オフの時間を好きなように取れる舞台だからこそ、多様な恋愛描写が可能になる。恋愛ドラマにおける舞台設定の効果をまざまざと感じさせられるドラマと言えるだろう(この枠で個人的に好きだった『逃げ恥』も『カネ恋』もオフの共有という要素があった事を付け加えておく)。


4.効果的な演出
名実ともに日本を代表する方々が演出やプロデューサーを担っている本作、効果的な演出がいくつも見つかる。

まずは料理シーン。カット割りから映し方から音楽から、オシャレな演出に胸が躍る。ラブコメというジャンルながら、料理シーンが好きな方も多いのではないだろうか?そしてあの演出があるからこそ、駿の料理人としての実力も相応に見える。だが一度思い出して欲しい。彼が仕事として料理をしているシーンがどれだけあっただろうか(ここ2話くらいになって本気で取り組むようになったが)。彼が「料理人」として奮闘する姿は視聴者のイメージほどは描かれていないのだ。にも関わらず駿の料理の腕に疑問を抱く人はそうそういなかったはず。それを可能にしているのは紛れもなく演出の力だろう。

 

そして特に好きで唸ったシーンが5話だ。

Fuji Balから身を乗り出して真柴ちゃんにキスするシーンは、「横浜流星体幹www」と一部で話題にもなっていたが、これは彼が過去のトラウマを乗り越えてこの恋に本気になった事を表現するシーンだった。そして本作恒例の「あの時実は…」のシーンでこれが分かるように構成してるのも本当にズルい。

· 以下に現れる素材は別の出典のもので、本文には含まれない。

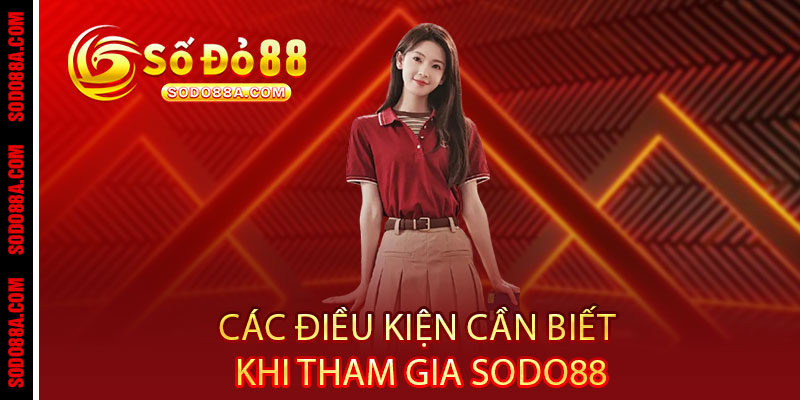 Điều khoản Sodo88 - Rõ ràng từng chữ, công bằng từng giao dịch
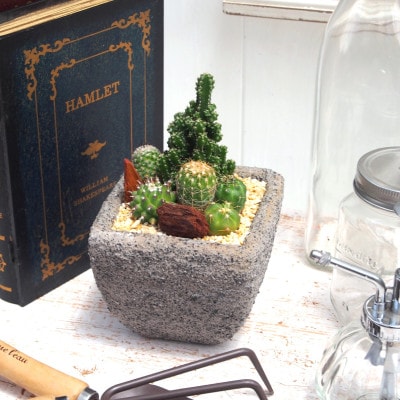 多肉植物ミックスセメントポット仕立て サボテンミックスセメントポット仕立て 2個セット(各1個ずつ)【配送不可地域：離島・沖縄県】【1697833】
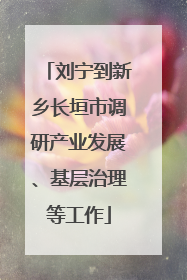 刘宁到新乡长垣市调研产业发展、基层治理等工作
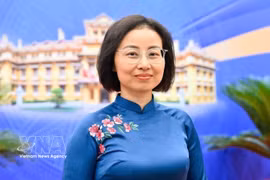 越南驻丹麦大使阮黎青 图自越通社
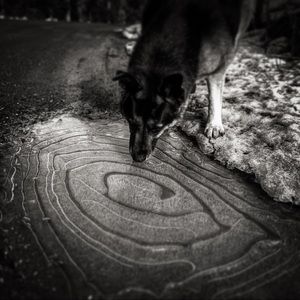 Meet your Posher, Jena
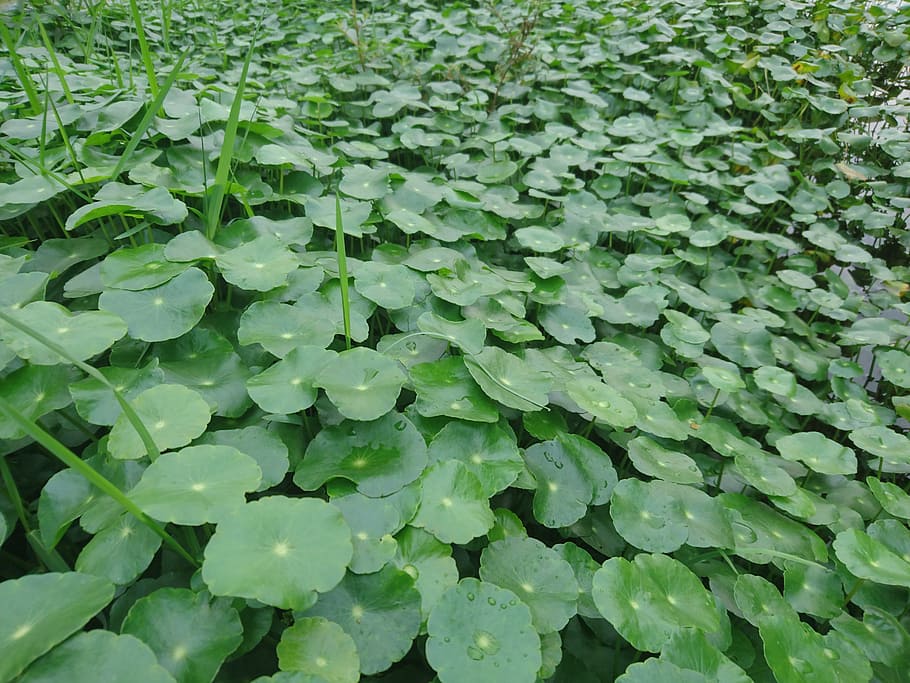 gold money grass, lysimachia, mirror grass, ping grass, green color, HD wallpaper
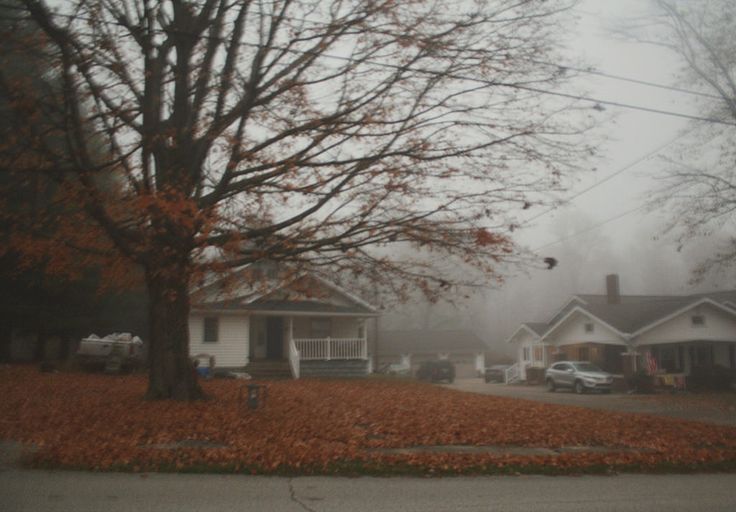 a foggy day with houses and trees in the foreground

4話で両想いが確定して更にラブが加速するかと思われたこの回の構成は、

お散歩デートに行く→駿が「真柴ちゃんはただのお隣さん」と言ってる事を真柴ちゃん本人が聞いてしまう。→他の事件が起こる→落ち着いて2人きりになった時に真柴ちゃんが自分の気持ちを伝える→Fuji Balから身を乗り出してキス

というものだったが、「あの時実は…」で駿が「真柴ちゃんの中にはまだ社長がいるから。だから、これ以上は何も言えない(ただのお隣さん)。気持ちが残ってるうちは、やめとく。」と言っているシーンを入れる事で、Fuji Balから身を乗り出してのキスが『駿がこの恋に本気になるためにアクセルを踏んだ瞬間であり、文字通り映像通り、身を乗り出した瞬間だった』というものを表すシーンだと受け取った。

このような効果的な演出が随所に見られる本作、ドラマの完成度を数段階アップさせているのは演出陣の力だろう。

 

5.星野源の圧倒的な存在感
画面に映らない人史上1番存在感ある。なにあれ、もう出てるやろ。ドアップで歌ってるやろ。犬と歩いてるシーンってあれドラマの中だっけ?MVだっけ?星野源があの家で犬と戯れてるシーンとかあったっけ?

星野源チャレンジ』だの『星野源タイム』だの『おいげん』だの、様々な呼称を付けられたあの時間。星野源を背負ったものが物語を制すと言われているあの時間。もうあれ無しではいられない。一度経験したら抜け出す事はできない。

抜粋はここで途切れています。